In Ethiopia, the average increase in coverage in the intervention area was 7 percent, but this masked a range of minus 5 percent to plus 14 percent. Also, the results in the control area were better, on average, than those in the intervention area, something we would not have known without carefully measuring the difference between “standard” and “modified” implementation.
Observation 2: One size does not fit all
There is not one approach that works best in all situations. The reasons why people behave a certain way vary, and the approaches used to change behavior should be based on an understanding of those reasons. The results mentioned above demonstrate this to some degree, and the Learning Series report supports this also: “CLTS was widely perceived as being universally applicable … even though outcomes varied depending on community characteristics. Rather than viewing it as a comprehensive solution … CLTS should be considered as one component of a sanitation strategy.”
While few people will argue with the fact that one size does not fit all, too often governments or implementers act as if one approach actually should fit all situations, sometimes going so far as prescribing its use through national policy.
Research from other countries and other organizations shows similar variations based on context, ranging from UNICEF in Mali reporting very positive CLTS outcomes (in terms of access, use and even stunting of children), to IPA in Bangladesh reporting mediocre results from CLTS (or sanitation marketing) alone, but much better results from CLTS combined with a subsidy. Recent research in India shows enduring issues with the use of sanitation facilities, and mixed results in terms of an increase in coverage.
Observation 3: Many countries are unprepared for scale
The CLTS Learning Series includes a comparative analysis of CLTS implementation in seven countries in Africa and Asia. Results support my opening observation: very few (if any) projects are planned with scale in mind, and many rely on an international organization to develop local capacity, support implementation, monitor results, etc.

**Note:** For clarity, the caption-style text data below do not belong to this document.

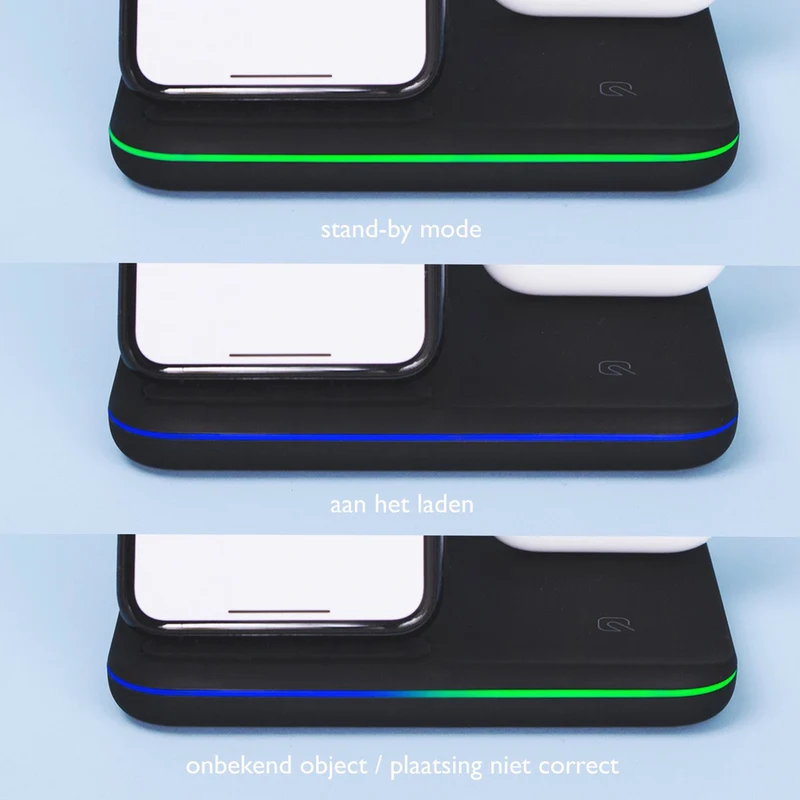 Draadloze oplader 3-in-1 voor Apple en Android
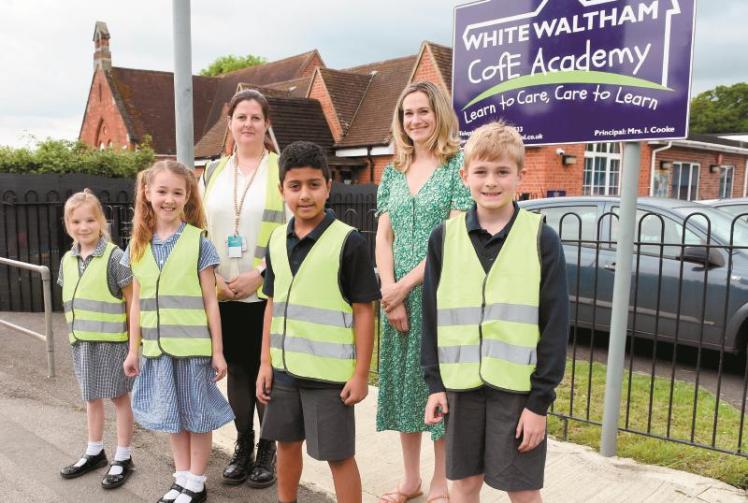 Mother petitions to get traffic control outside White Waltham school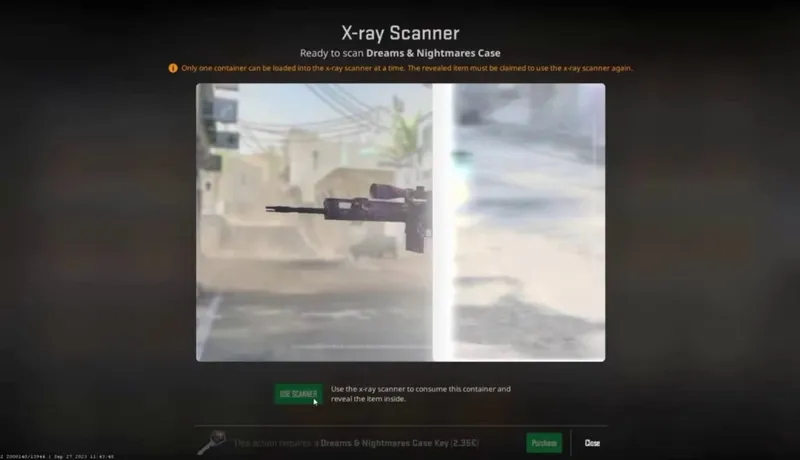 《CS2》德国玩家专享X光扫描仪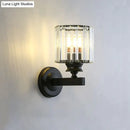 GobekUsa Modern Minimalist Wall Lamp with Glass Shade for Bedside Lighting Living Room Lighting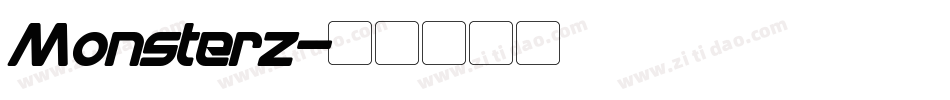 Monsterz字体转换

While local support can go hand in hand with attaining scale (as it does in Bangladesh, where BRAC supports rural WASH), the observation that “in five of the seven case studies, local government capacity was found to be insufficient to lead CLTS activities” does not inspire confidence for the era of the SDGs. Issues across demand, supply and the enabling environment stand in the way of scale and sustained progress.
So what does this mean?
First, a project that aims to change behavior should be designed on the basis of knowledge about those drivers in the local context. Government offices or organizations supporting sanitation activities at the local level are likely to be important sources of information in the project design phase.
Also, comparing trends in sanitation access and use prior to and after an intervention can provide important information about the additive effect of the intervention, making it easier to judge the value for money provided by the selected approach.
Finally, flexible, guiding sanitation policies are likely to be more appropriate than fixed prescriptive policies. A national sanitation policy requiring that programs identify and address constraints on the demand and supply side would leave more room for effective program design than a national policy requiring the use of CLTS, for example, or a national policy prescribing the use of subsidies for toilet construction. Government investment in effective knowledge exchange and outcome monitoring are likely to be more useful in supporting the design of effective programs than prescriptions about specific approaches used throughout the country.
I would argue that no WASH practitioner reading this should be surprised by my observations. Acting on them is conceptually simple, even if it may be harder in practice.